简体   繁体   中英

Linux CentOS 7 - Configuration of httpd.conf file through .htaccess

  1. I need to configure through .htaccess in Linux CentOS 7 that my info.php file is shown without extension. That is, calling http://server address/info instead of calling http://server address/info.php .

  2. Also, in .htaccess , add that phpinformation redirects to info . That is, http://server address/phpinformation redirects to http://server address/info .

I have followed the part of the following article .

In the httpd.conf file, I have changed AllowOverride none to AllowOverride AuthConfig .

What are the next steps?

To rewrite your files you should overrite the FileInfo type of directive, not the AuthConfig ones (see https://httpd.apache.org/docs/2.4/mod/core.html#allowoverride for references)
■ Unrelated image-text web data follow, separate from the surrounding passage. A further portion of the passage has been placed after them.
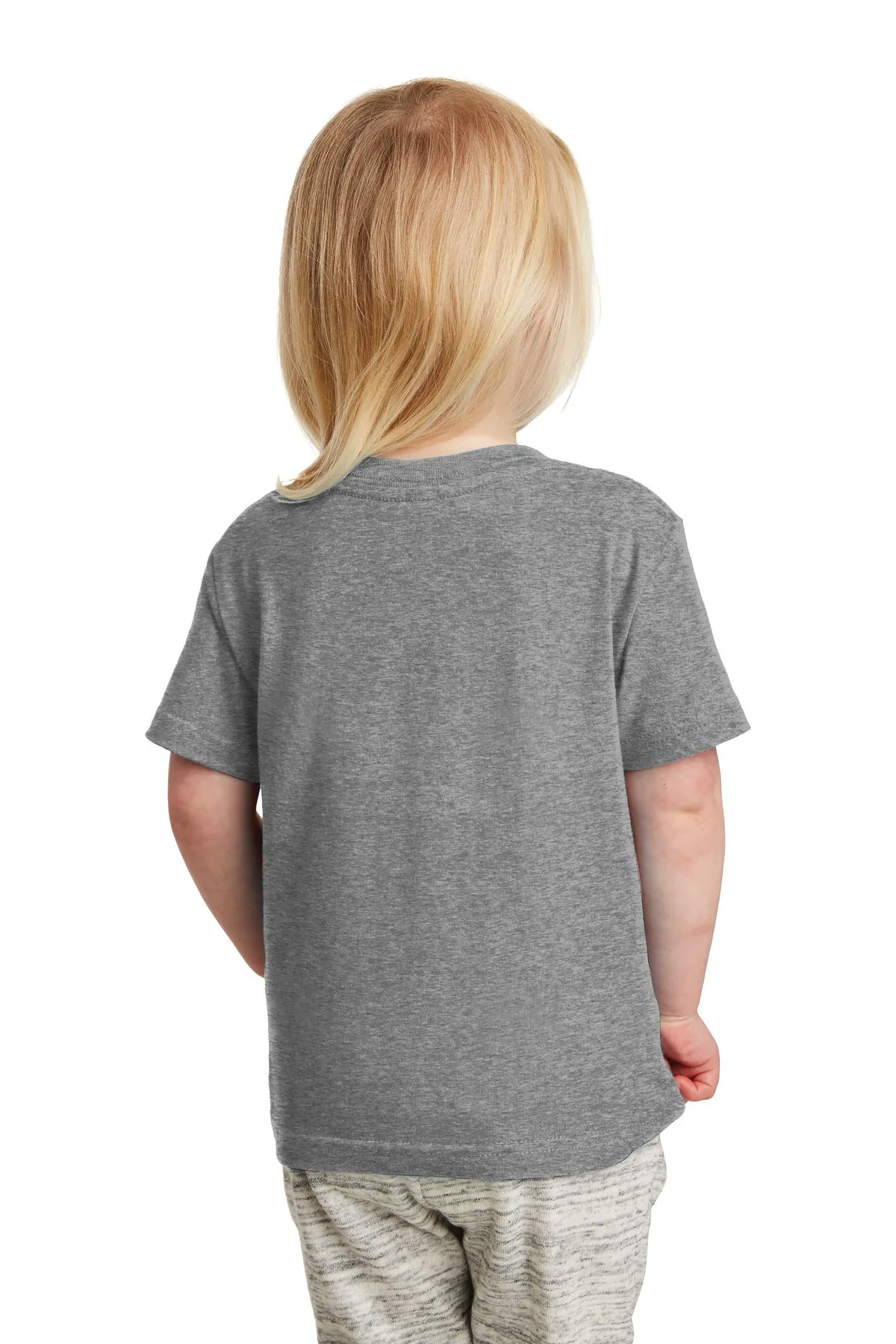 Rabbit Skins™ Toddler Fine Jersey Tee. RS3321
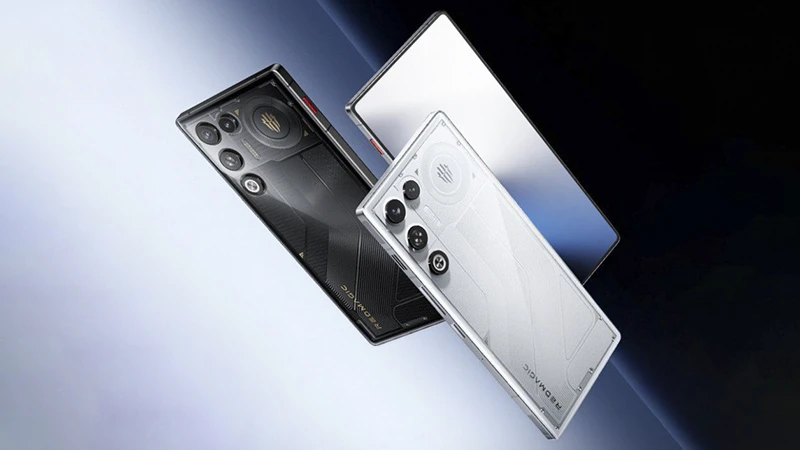 Điện thoại gaming redmagic 11 air. Điện thoại gaming redmagic 11 air.
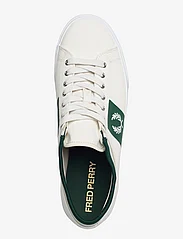 Fred Perry - UNDERS TIP CUFF TWILL - lave sneakers - porcelain - 3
Enable the mod_rewrite module in the apache configuration and in the .htaccess file use a similar configuration:

<IfModule mod_rewrite.c>
    RewriteEngine on
    RewriteRule ^phpinformation$ info.php [L]
    RewriteRule ^info$ info.php [L]
</IfModule>

A more general configuration:

<IfModule mod_rewrite.c>
    RewriteEngine on
    RewriteRule ^phpinformation$ info.php [L]

    RewriteCond %{REQUEST_FILENAME} !-f
    RewriteCond %{REQUEST_FILENAME} !-d
    RewriteRule ^(.*)$ $1.php [L]
</IfModule>

The first rewrite rule is the same, if you have to serve a request with an url containing just phpinformation, rewrite it to info.php and serve that url instead. The L modifier means that the rewriter does not need to search for additional rewriting and can just ask apache to serve the resulting (info.php) rule.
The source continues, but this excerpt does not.